Sporadic layers (Es) are electron density enhancements which appear in the lower ionospheric E region at heights between 90 and 130 km with a typical thickness of less than 5 km. The layers consist mainly of metallic ions (Fe⁺, Mg⁺, Ca⁺ and Na⁺) deposited by meteoric ablation (Whitehead, 1961; Layzer, 1972). The metallic ions have longer lifetimes than the nonmetallic ionized air constituents (O⁺, NO⁺, O₂⁺), which allow the formation of long-lasting sporadic E layers (Kopp, 1997). In the Brazilian low-latitude region, which is under the influence of the South American Magnetic Anomaly, the Es layer occurrence and its characteristics are highly variable is due to their formation mechanism, tidal winds, electric fields or particle precipitation (Batista and Abdu, 1977; Resende et al., 2013). Therefore, they are classified into several types designated by letters (“a”, “l”, “h”, “q”, “s”, “c”) according to their characteristics in the ionograms (Piggot and Rawer, 1972).

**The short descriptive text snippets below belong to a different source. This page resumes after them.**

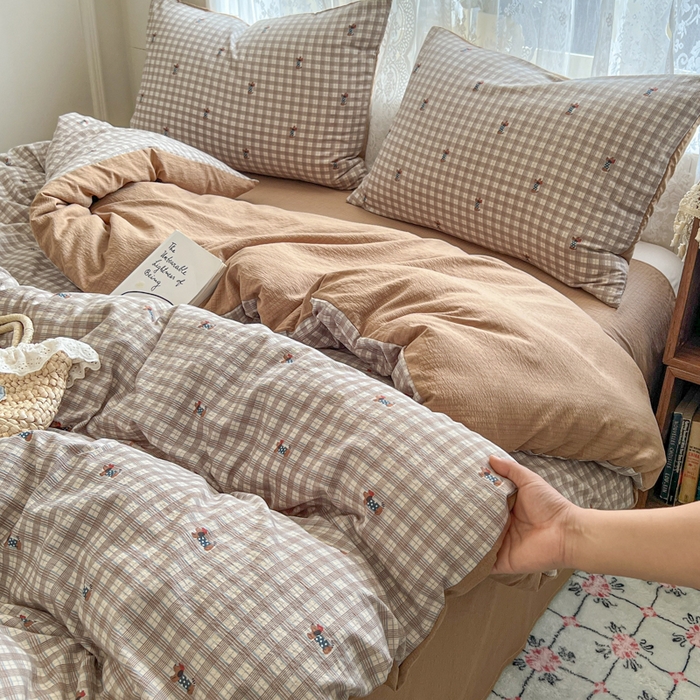 91家纺网 家纺一手货源 找家纺 妖妖家纺 2026新款敲可爱的奶呼呼云感双层纱简约四件套系列 英伦小汪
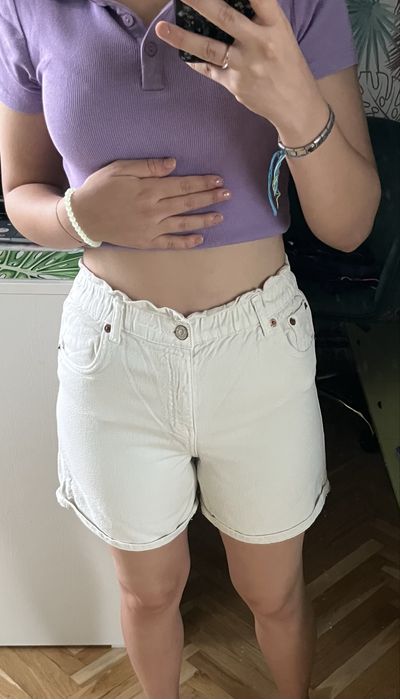 Pantaloni scurti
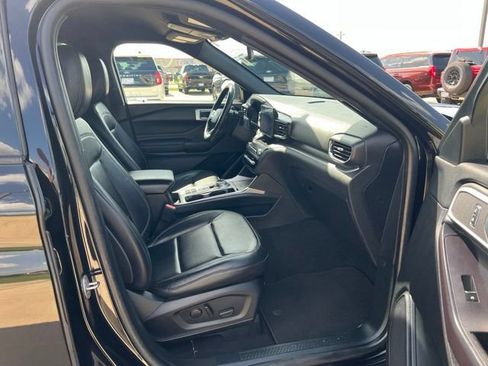 Used 2020 Ford Explorer XLT w/ Equipment Group 202A RWD image 21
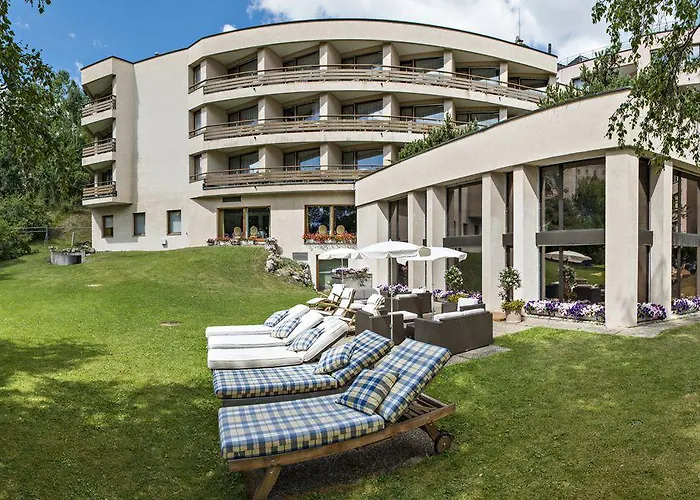 Quadratscha Alpenhotel 4*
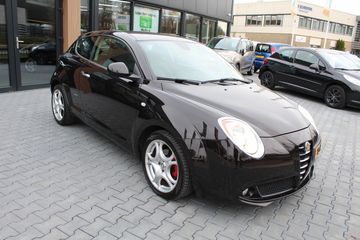 Voertuigafbeelding 3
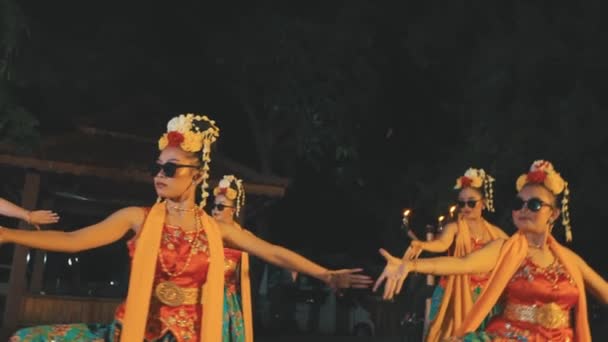 Skupina Tradičních Balijských Tanečníků Kteří Večer Pořádají Hinduistický Slavnostní Obřad — Stock video
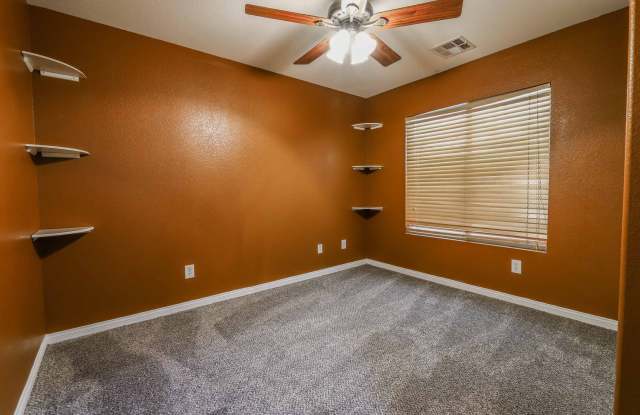 Spacious Mountain’s Edge Home with Downstairs Bedroom & Upstairs Loft! Gallery 1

At middle latitudes, the well-accepted theory for Es layer formation is the wind shear process. According to this theory, Es layers consist mainly of metallic ions that are merged into thin sheets by vertical shears in the zonal wind with moderate inclination of magnetic field lines (Axford, 1963; Haldoupis, 2011). The largest wind shears are produced by atmospheric tides, mainly by diurnal and semidiurnal components (Pancheva et al., 2003; Arras et al., 2009). At low latitudes, although the electric field has influence in the Es layer formation (Dagar et al., 1977; Abdu et al., 2003, 2014; Carrasco et al., 2007), the wind shear mechanism produces Es layers around 100–130 km high. In fact, the Es layer in the Brazilian sector has similar features to the Es layer at middle latitudes, such as the downward movement following the tidal phases, which is observed in both ionograms and simulation results. Resende et al. (2017a, b) verified from sporadic E formation simulations that the diurnal tide provides the most effective wind shears in the Es layer formation process at low latitudes. This agrees with the results in Pancheva et al. (2003), in which the authors demonstrated that the largest amplitudes of semidiurnal tide are found at middle and high latitudes, whereas the diurnal tide is dominating the wind field at low latitudes.

Recently, the GPS radio occultation (RO) technique has been used to detect Es layers on a global scale (Arras et al., 2008, 2009; Wickert et al., 2009). In fact, a constellation of LEO (low Earth orbit) satellites is required to observe Earth's atmosphere by the RO technique in a high spatial and temporal resolution. The main LEO satellite missions that provide GPS RO data are CHAMP (Challenging Minisatellite Payload), GRACE (Gravity Recovery and Climate Experiment) and FORMOSAT-3/COSMIC (FORMOsa SATellite mission-3/Constellation Observing System for Meteorology, Ionosphere and Climate). These missions have accumulated an extensive database to study the Es layers between 2001 and 2016, in which there are about 6.7 million RO profiles available. Some relevant sporadic E characteristics were observed such as the strong summer occurrence at midlatitudes and the absence of the Es layers along Earth's magnetic Equator (Arras et al., 2009).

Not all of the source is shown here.